Compiled as part homage to a friend and conservation pioneer, a new book showcases the mysterious American desert canyons discovered by legendary East Kootenay photographer Pat Morrow and his fellow dirtbag disciples. Story by Jeff Pew.

“We were mesmerized by the crazy architecture of the canyons,” Pat Morrow says from his house in Wilmer, British Columbia, perched above the East Kootenay Columbia Wetlands. “It was a place that warmed the psyche: the ochre, the yellow hues, the heat hidden within the earth. It was a way for us to escape our endless Canadian winter and revel in the desert.”

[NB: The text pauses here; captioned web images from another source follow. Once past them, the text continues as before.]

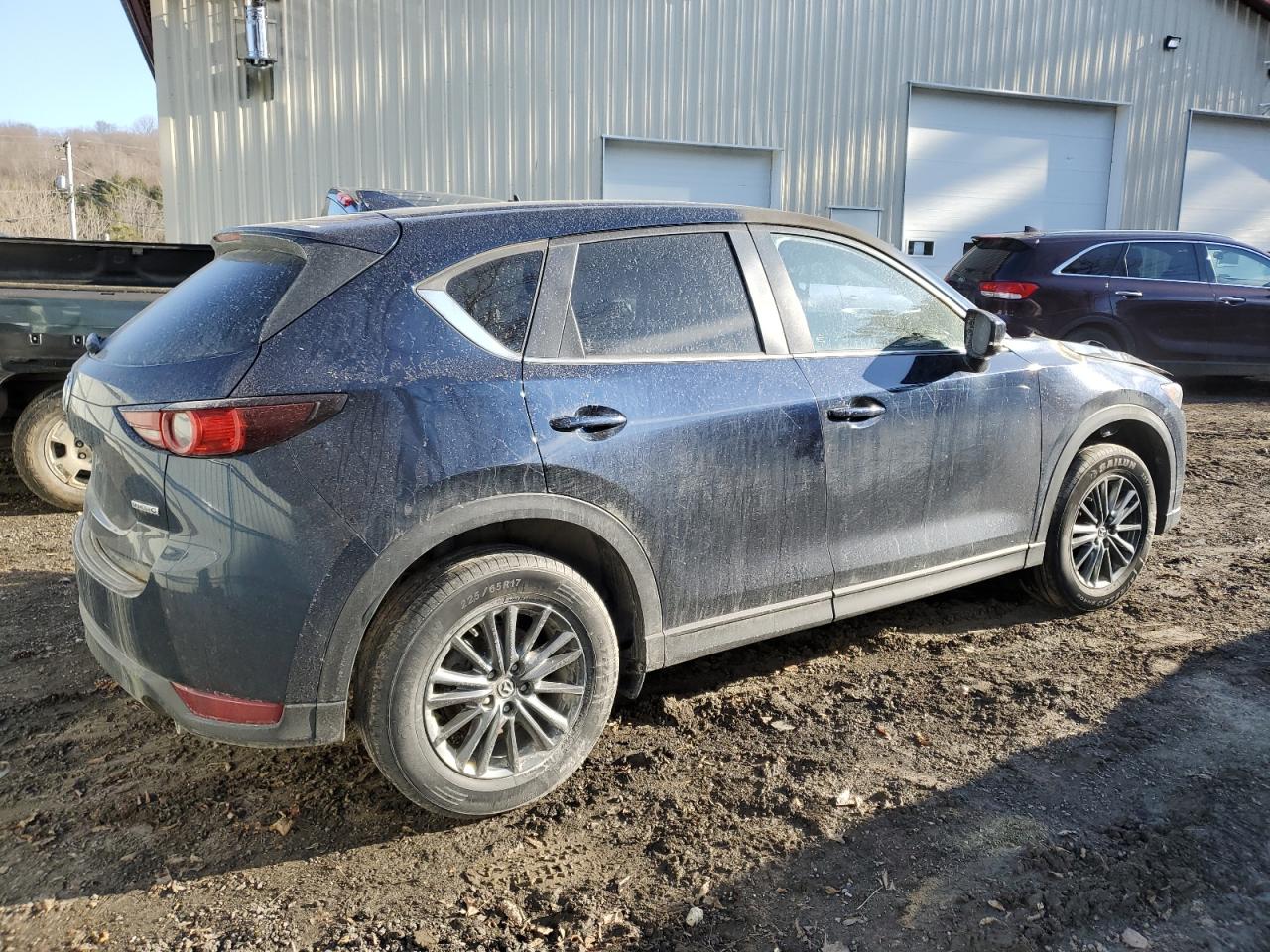 Photo 2 VIN: JM3KFBCM8M1494973 - MAZDA CX-5 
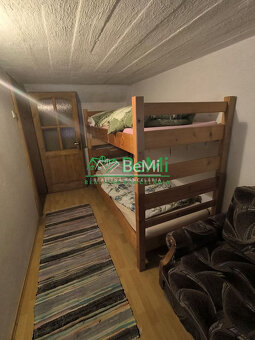 Rodinný dom, chalupa, Rajecká Lesná, okres Žilina, 238m2 - 13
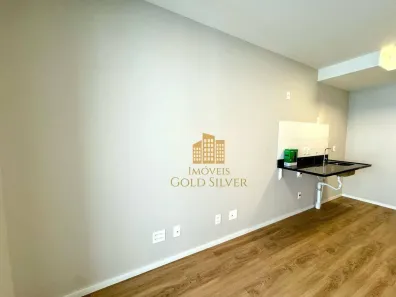 Apartamento com 1 Quarto à venda, 28m² no Vila Pompéia, São Paulo
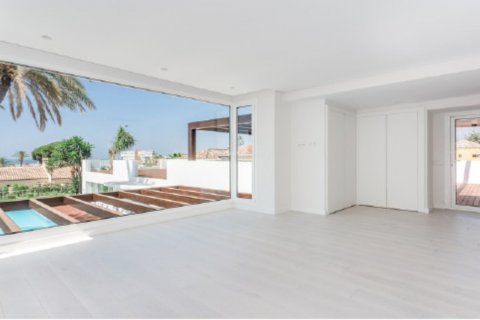 Villa zum Verkauf in Marbella, Malaga, Spanien 7 Schlafzimmer, 564 m2 Nr. 50065 - Foto 12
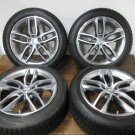 JDM only BBS SX 18in8J+4 Tire width 225 mm aspect ratio 50% rim diamet No Tires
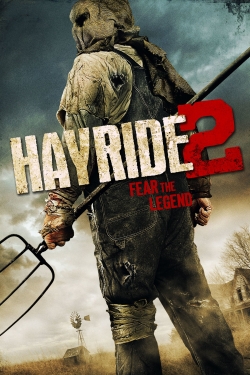 Watch Hayride 2 movies free hd online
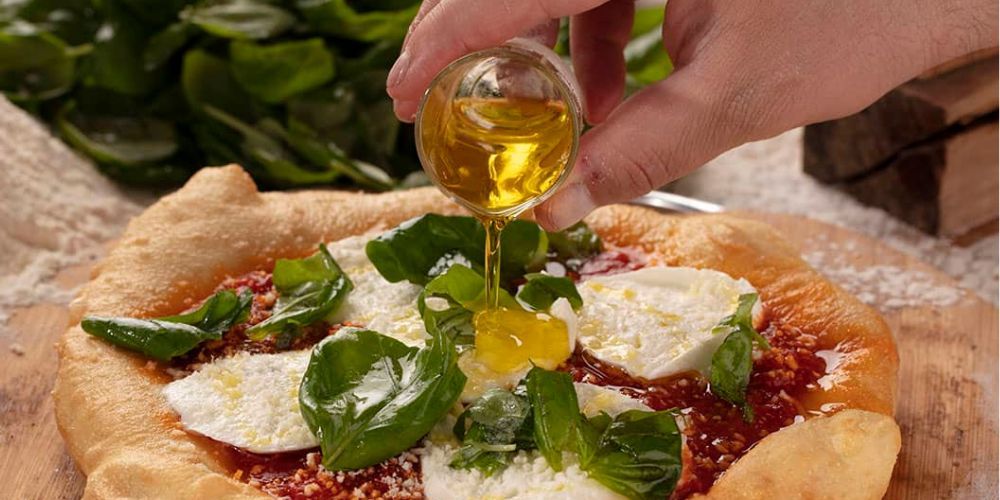 Top 10 pizzerie a Naples: Diego Vitagliano Top 10 pizzerie a Naples: Diego Vitagliano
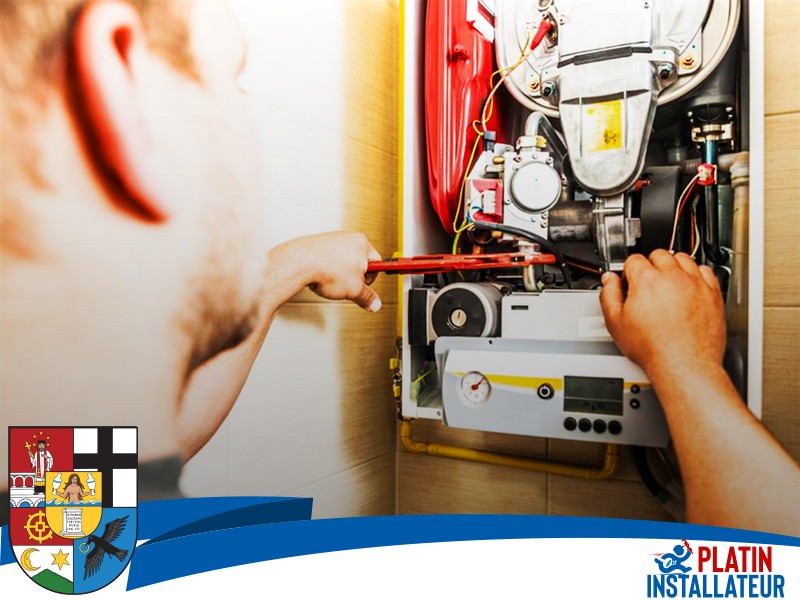 Reparatur Heizanlage günstig 1120 Wien - Meidling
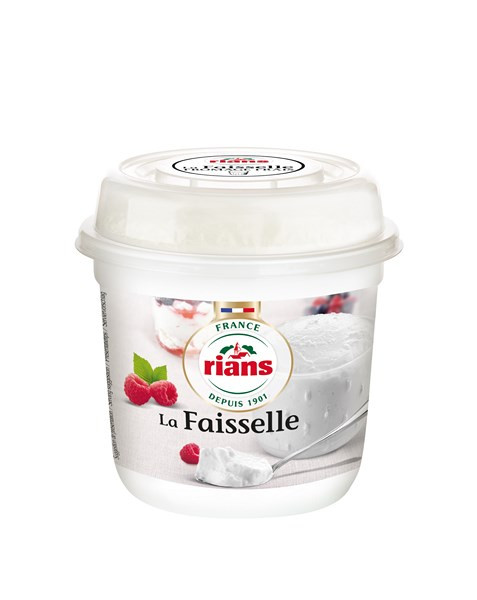 Kaese guenstig online bestellen FAISSELLE TRIBALLAT 500GR 40%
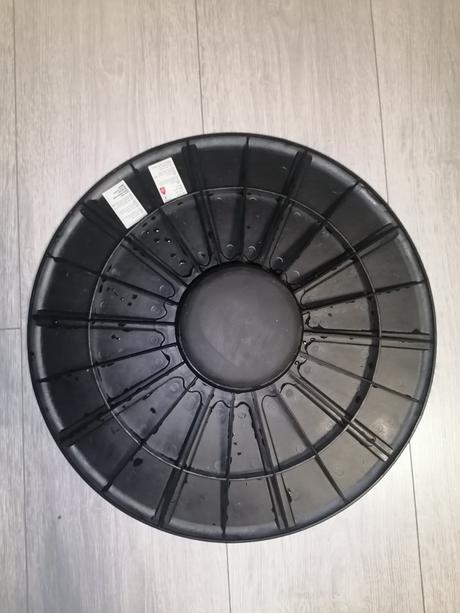 Crivit balančná podložka, 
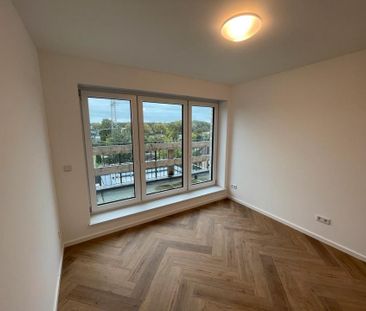 Studenten Wohnanlage Gartlage - Foto 1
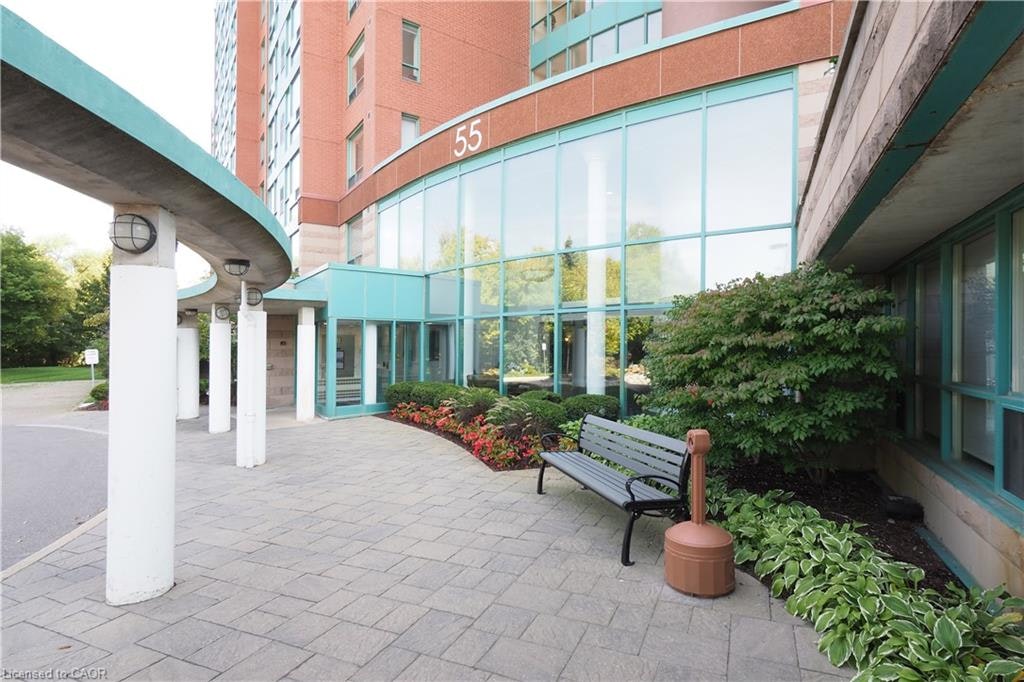PH-55 Blue Springs Drive, Waterloo, ON, N2J 4T3 - 3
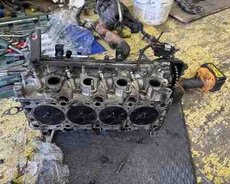 Kia Rio mühərrik başlığı
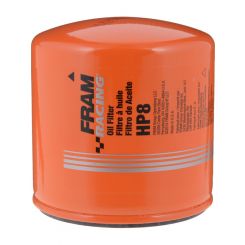 Fram High Performance Racing Oil Filter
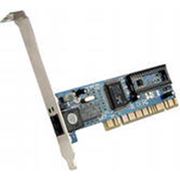 Сетевая карта PCI фото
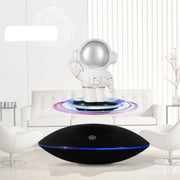 360° Rotating Magnetic Levitation Display Stand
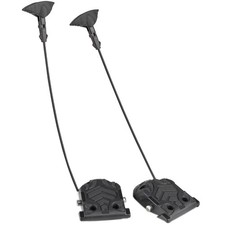 Deeluxe Intec Adapter Step in System für Race Snowboard Boots Hardboots NEU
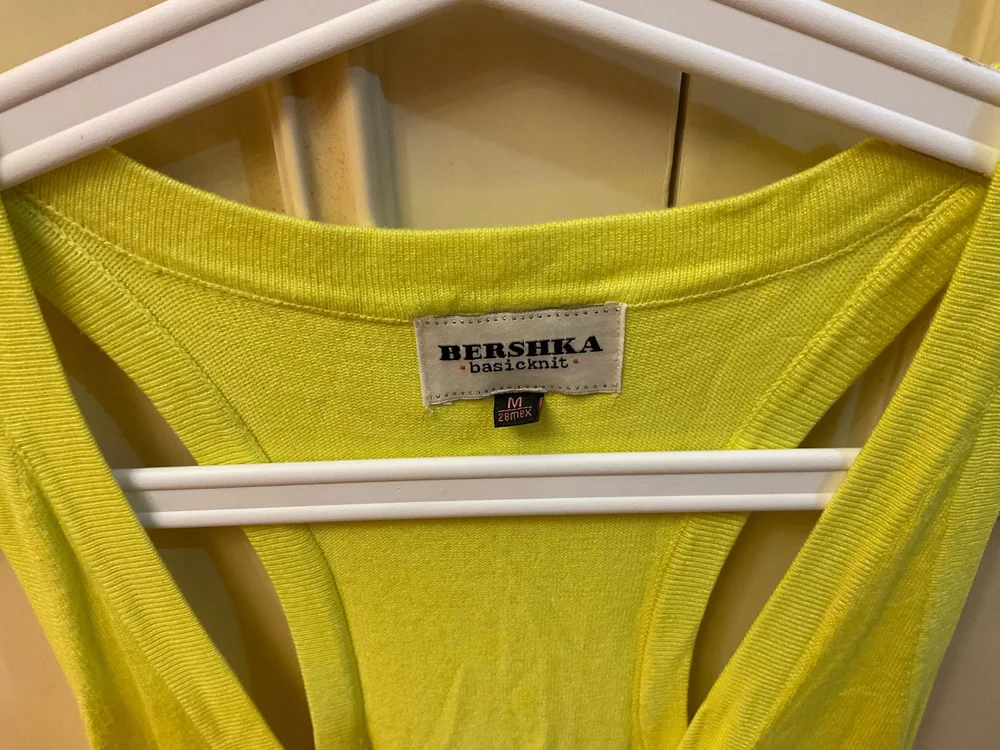 Bershka Vests, size M / 38 / 10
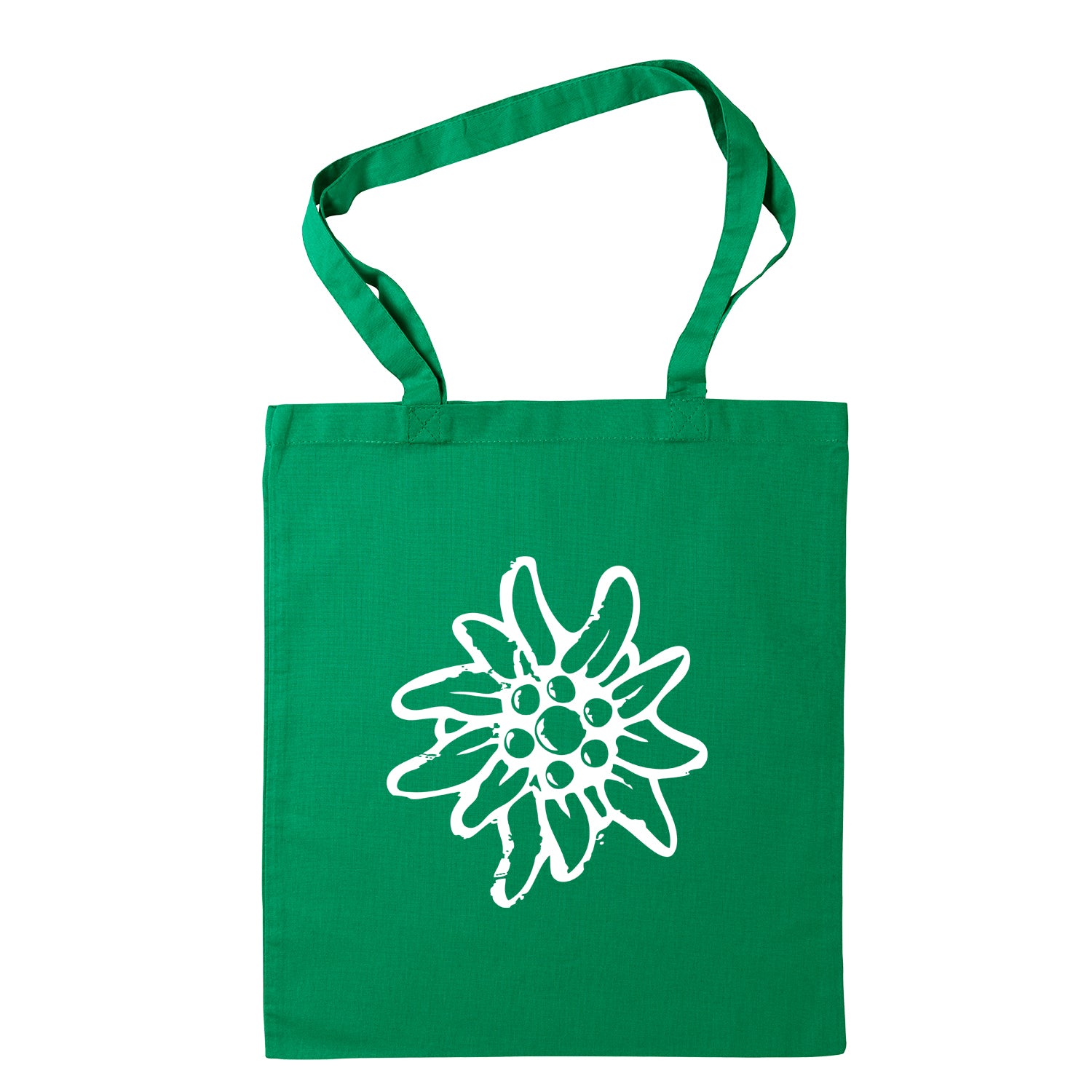 Tasche "Edelweiß" - meinherzschlag.de
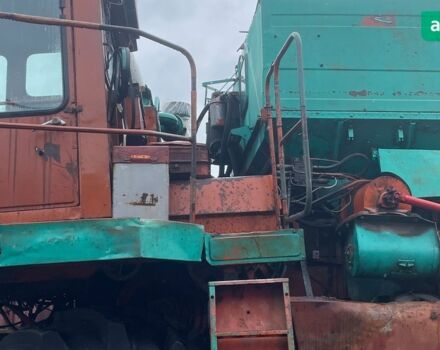 Ростсельмаш Дон 1500А, об'ємом двигуна 0 л та пробігом 0 тис. км за 3700 $, фото 2 на Automoto.ua
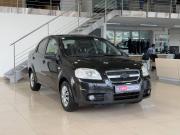 Chevrolet Aveo I Рестайлинг Ростов-на-Дону  - изображение 14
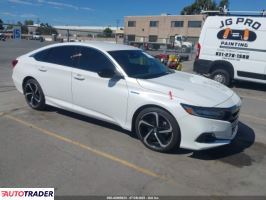 Honda Accord 2022 2 Honda Accord 2022 2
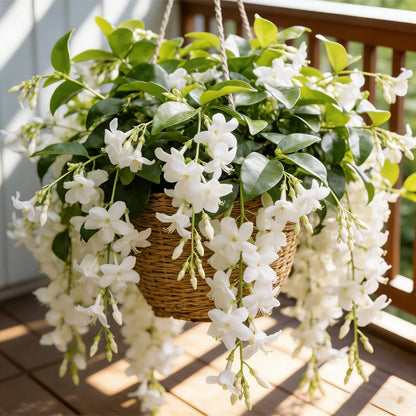 🌼Double Jasmine 🌸 Easy to Grow & Wonderfully Fragrant
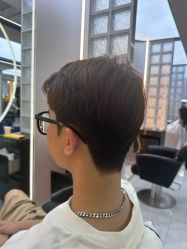 -赤道 Hair Salon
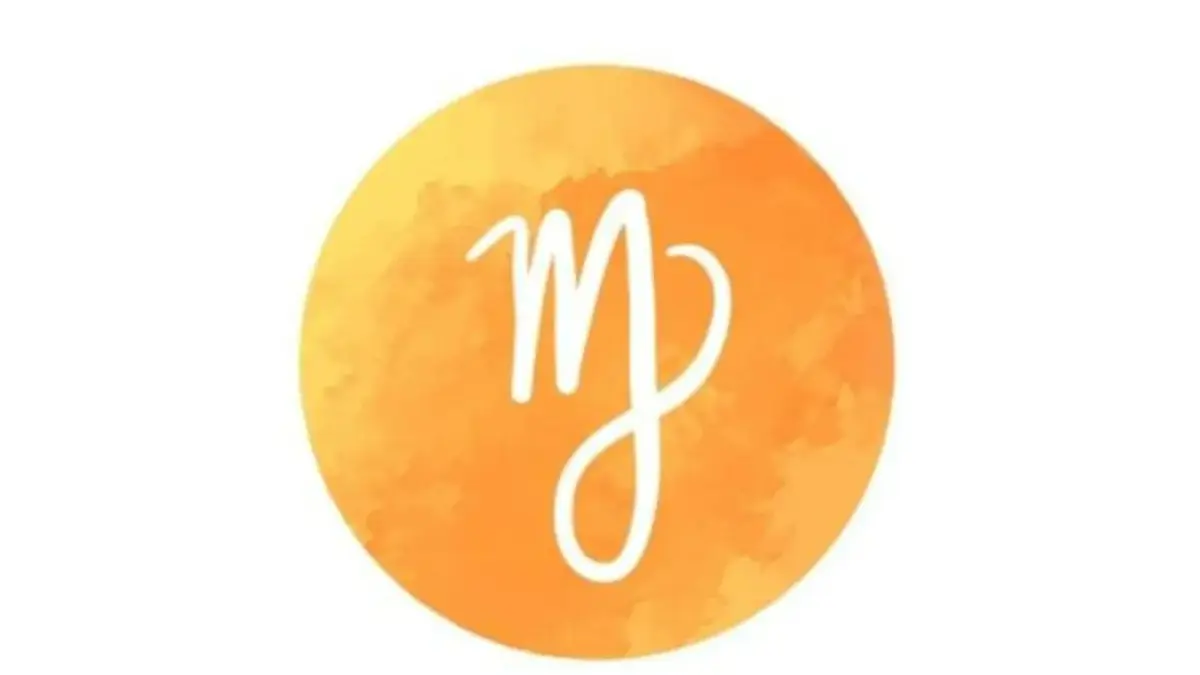 Ilustrasi zodiak Virgo (Magnific)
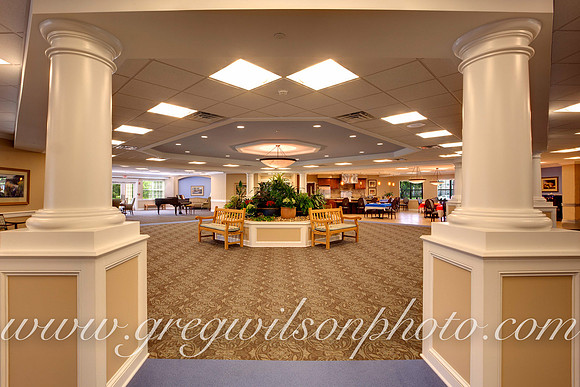 Magnolia Trace, Huntsville,​ Alabama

Above: Art Twomey and his canyoneering partners, Jeremy Schmidt and Pat Morrow made a pact never to reveal the canyon locations they photographed to help preserve their natural splendour. Top: Aside from professional photography, Twomey, seen here, also made a living as the owner of Ptarmigan Tours in the East Kootenay.

Morrow, 66, is talking about the decade, beginning in 1975, when he and friends Art Twomey and Jeremy Schmidt discovered and photographed some of Arizona’s most remote and intricately carved slot canyons. Now, 43 years later, these images appear in the beautifully designed book Searching for Tao Canyon, named after their Taoist ideal of a slot canyon—more an elusive archetype than an actual place. “We’d spend weeks, stretching into months, living in the canyons,” says Morrow, who was inducted into the Order of Canada in 1987 for his mountaineering exploits. “We were dirtbags who thrived on rice and beans. Those were the days of expensive Kodachrome slide film. We’d sit for hours observing the way light moved through canyons before we took our first shot. As climbers, it was natural to push the envelope, to go to places cameras hadn’t. In the deepest canyons, we were suspended hundreds of metres below the surface, hanging on rat-chewed ropes, and using jerry-rigged tripods.”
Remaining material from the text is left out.